Over the next fortnight, some 300 tons of material will be transported 160 kilometres to a temporary site in the north of the country.
“It’s the end of a historic chapter relating to the 1950s and 1960s, when nuclear stations were pioneered in our country,” the Swiss Association for Atomic Energy said in a statement on Wednesday.
Once all the radioactive material from Lucens in western Switzerland has been taken away in six steel containers, the reactor will be officially closed and the property handed over to the cantonal authorities.
Lucens – Switzerland’s first experimental nuclear station – opened in 1962. The plant, which was built in an underground cavern, produced electricity for the first time on January 29, 1968.
The aim of the project was not simply to provide energy, but to allow the country to develop a reactor bearing the “Made in Switzerland” label and to experiment with nuclear energy.
A generation of engineers, physicians, chemists and technicians helped to fine-tune operations in Lucens.
Nuclear energy
Switzerland established itself as a major developer of nuclear energy once the first commercial plants were opened in Beznau in 1969 and in Mühleberg in 1971.
But disaster struck the reactor on January 21, 1969. A pressure tube burst, creating a power surge, and the reactor malfunctioned. Some radioactive gas escaped from the cavern and the reactor had to be shut down.
The government ordered an inquiry into the incident and a report was eventually published ten years later.
The inquiry by the Swiss Association for Atomic Energy found there had been no major negligence on the part of the plant’s managers.

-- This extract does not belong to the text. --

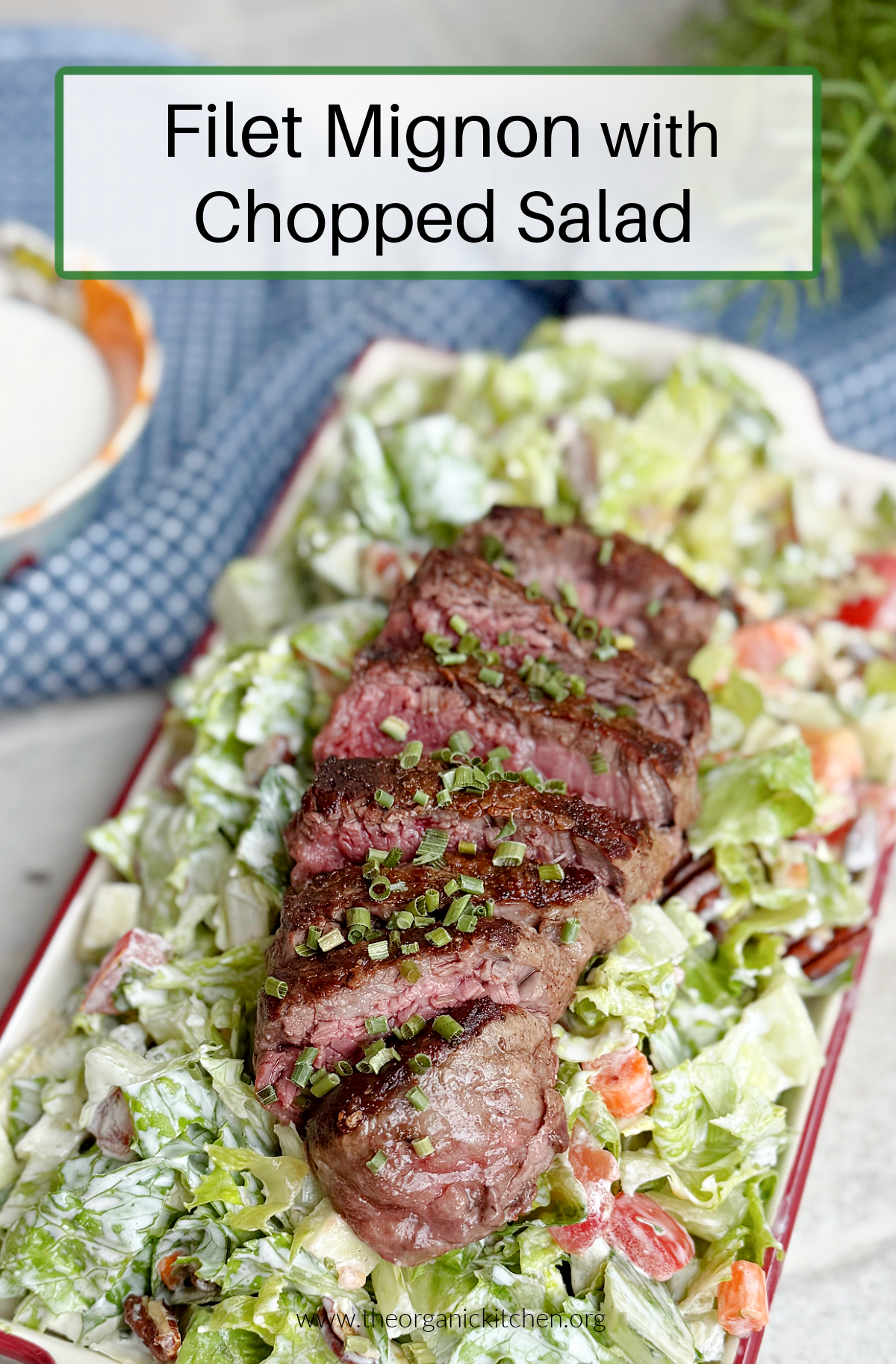 Filet Mignon with Chopped Salad on small plate with blue dish towel in the background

It blamed the blast on a corroded pressure tube, which had been caused by humidity.
Security systems
The inquiry team said security systems had functioned as planned and neither the “staff nor the environment were exposed to dangerous levels of radiation”.

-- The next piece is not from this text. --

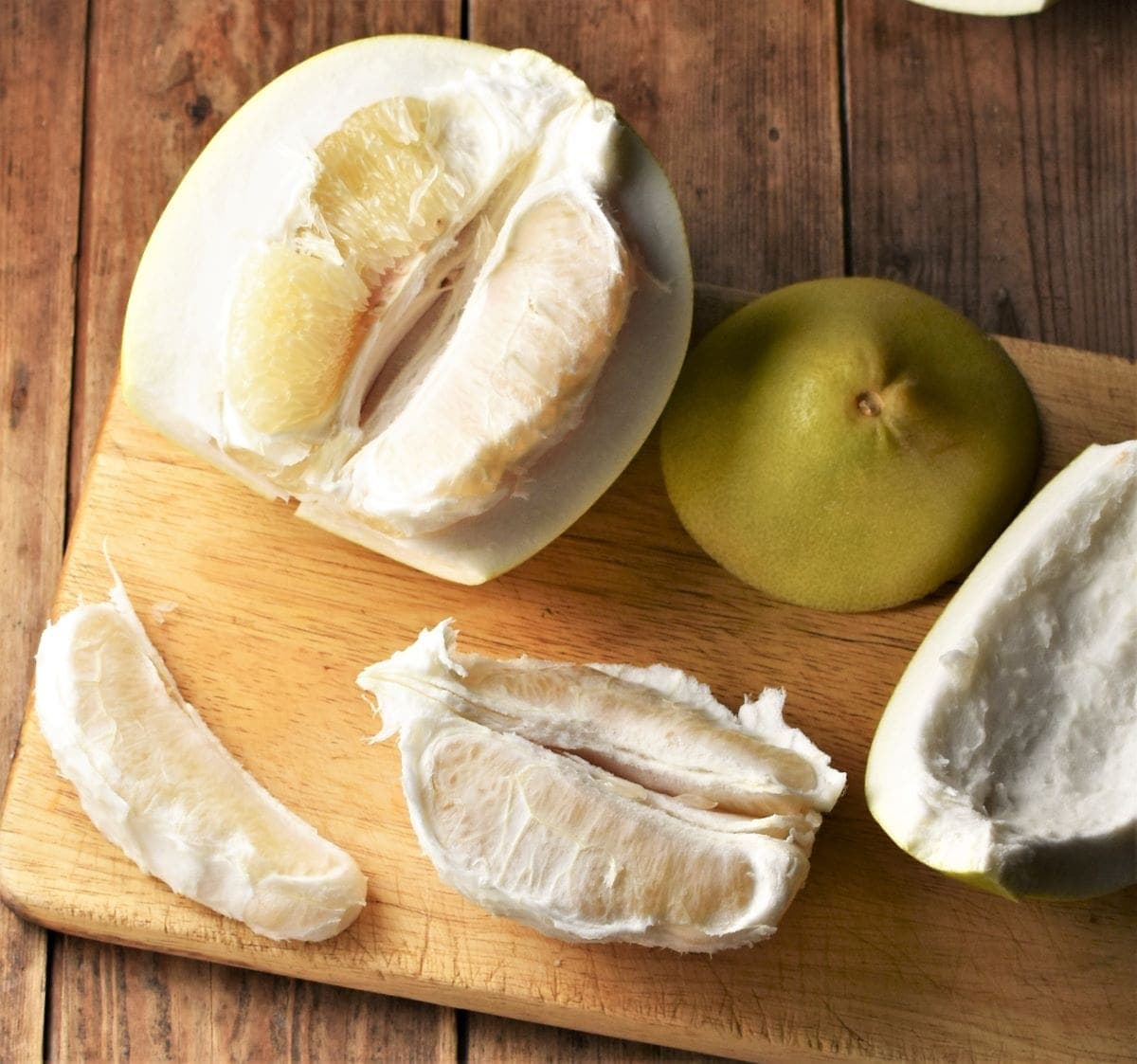 Peeling pomelo on top of cutting board.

The plant’s cavern was partially filled with concrete in 1992.
Canton Vaud will shortly take over ownership of the property and will use the space to store cultural and archaeological goods.
In May the Swiss were asked to vote on the future of their nuclear industry.
They rejected one initiative to extend the existing moratorium on building new nuclear plants and another to close down the industry altogether.
There have been six different anti-nuclear proposals since 1979. Only one proved successful – in 1990 – which introduced a ten-year moratorium on the building of new plants.
swissinfo with agencies
Switzerland began its experiment with nuclear energy in 1957.
On April 30 that year, scientists succeeded in triggering an atomic reaction in the research reactor “Saphir” in Würenlingen, canton Aargau.
Switzerland then constructed its first nuclear plant in Lucens, canton Vaud, in 1962.
But it was forced to stop operations following an accident in 1969.
A second station, Beznau, was opened in 1969 and there are now five plants in operation across the country.
Forty per cent of Swiss energy is generated in its nuclear plants.
The Swiss have voted six times since 1979 on initiatives opposed to atomic energy, the last time in May 2003.